Homöopathie hat außer dem Placebo-Effekt keine nachweisbare Wirkung, deshalb ist es an der Zeit, sie als Kassenleistung zu streichen, findet unser Berliner Korrespondent Norbert Wallet.
Bundesgesundheitsminister Karl Lauterbach (SPD) will die Homöopathie als Kassenleistung streichen. Um gleich ein Missverständnis auszuräumen: Mit dem Thema Kostendämpfung im Gesundheitswesen hat das gar nichts zu tun. Die Ausgaben für die Zuckerkügelchen, die manche Kassen im Zuge ihrer freiwilligen Leistungen übernehmen, belaufen sich auf einen zweistelligen Millionenbetrag. Angesichts von Ausgaben der gesetzlichen Krankenversicherung, die sich 2022 auf 289 Milliarden Euro beliefen, ist das eine zu vernachlässigende, sozusagen homöopathische Größe. Es ist auch nicht so, dass die Hersteller auf die Kostenübernahme in irgendeiner Form angewiesen wären.

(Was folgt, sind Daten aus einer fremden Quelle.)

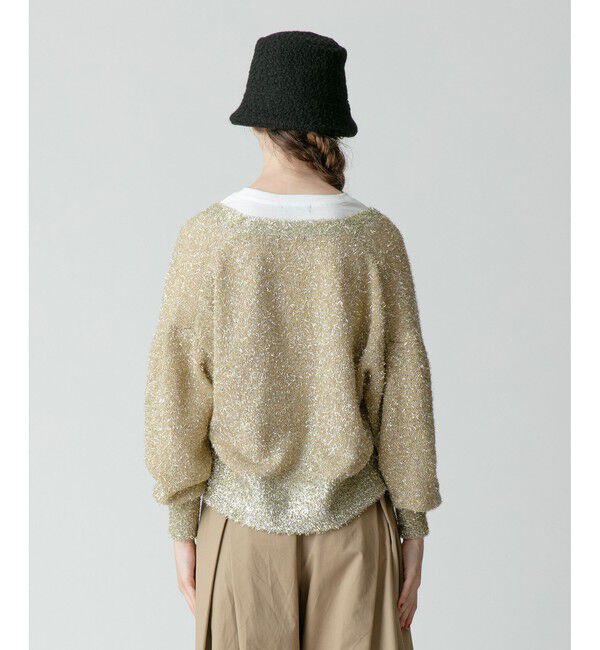 allureville「シャギーメッシュショートトッパー」|カーディガン|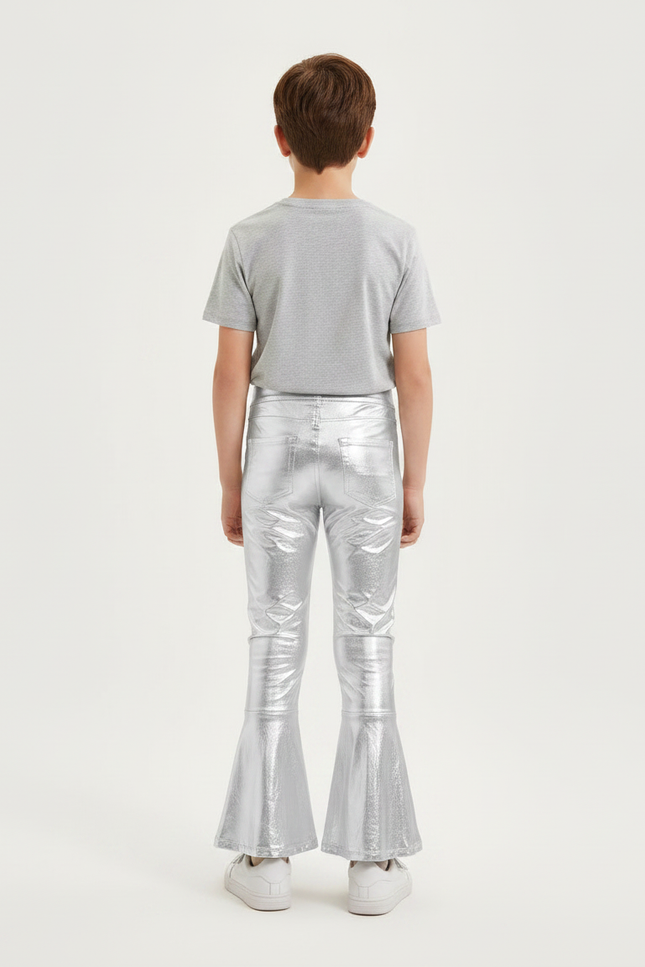 Pantalon Patte D'Éléphant Argenté Brillant Métallique Enfant - Polyester - vue 2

Die ist eher für das Prestige gut, weil die Kassen mit ihren Zuschüssen der Branche den Schein wissenschaftlicher Hoffähigkeit verleihen.
Politisch ist der Streit unklug
Man kann es also aus guten Gründen politisch ausgesprochen unklug finden, dass der Minister hier einen neuen Kampfplatz eröffnet. Es ist ja nicht so, dass es ihm gerade daran mangelt.
Warum geht Lauterbach diesem Konflikt also nicht aus dem Weg? Es geht ihm um ein Prinzip – und mit seinem Beharren darauf hat er vollkommen recht. Dieser Grundsatz ist ganz einfach und für jedermann nachvollziehbar: Medizin ist eine Wissenschaft. Wissenschaft bedeutet die Verpflichtung auf strikte Evidenzbasierung. Das heißt, Medikamente und Heilverfahren müssen den Nachweis ihrer Wirksamkeit, jenseits von Placebo-Effekten, erbringen. Wohlgemerkt, den wissenschaftlichen Nachweis. Ein bloßes Gefühl, ein Verdacht, ein Hörensagen reichen nicht. Diesen Nachweis kann die Homöopathie nicht erbringen, mögen ihre Jünger und Gläubigen noch so sehr beschwören, dass die Kügelchen doch „irgendwie“ helfen. Medizin muss an wissenschaftliche Evidenz gebunden sein, nicht an Glauben.
Es geht nicht um ein Verbot
Wer diesen Zusammenhang auflöst, kommt auf eine schiefe Ebene. Es gibt ein überreiches Angebot an Praktiken, die ihren Anhängern Hilfe versprechen und möglicherweise gewisse Effekte mit sich bringen: Heiltrommeln, Wallfahrten, Extremfasten, Gebetskreise, Meditationsübungen, das Tragen von Amuletten und der feste Glaube an die Wirkung von Heilsteinen – es mag sein, dass das alles dem einen oder anderen tatsächlich hilft. Das muss man nicht bestreiten, und das gilt auch für die Homöopathie. Nur ist das nicht der Punkt: Das Geld der Versicherten darf nur für Verfahren ausgegeben werden, die rationalen Überprüfungskriterien zugänglich sind – eben wissenschaftlich nachweisbar wirken. Das ist bei der Homöopathie nicht der Fall. Deshalb handelt Lauterbach genau richtig.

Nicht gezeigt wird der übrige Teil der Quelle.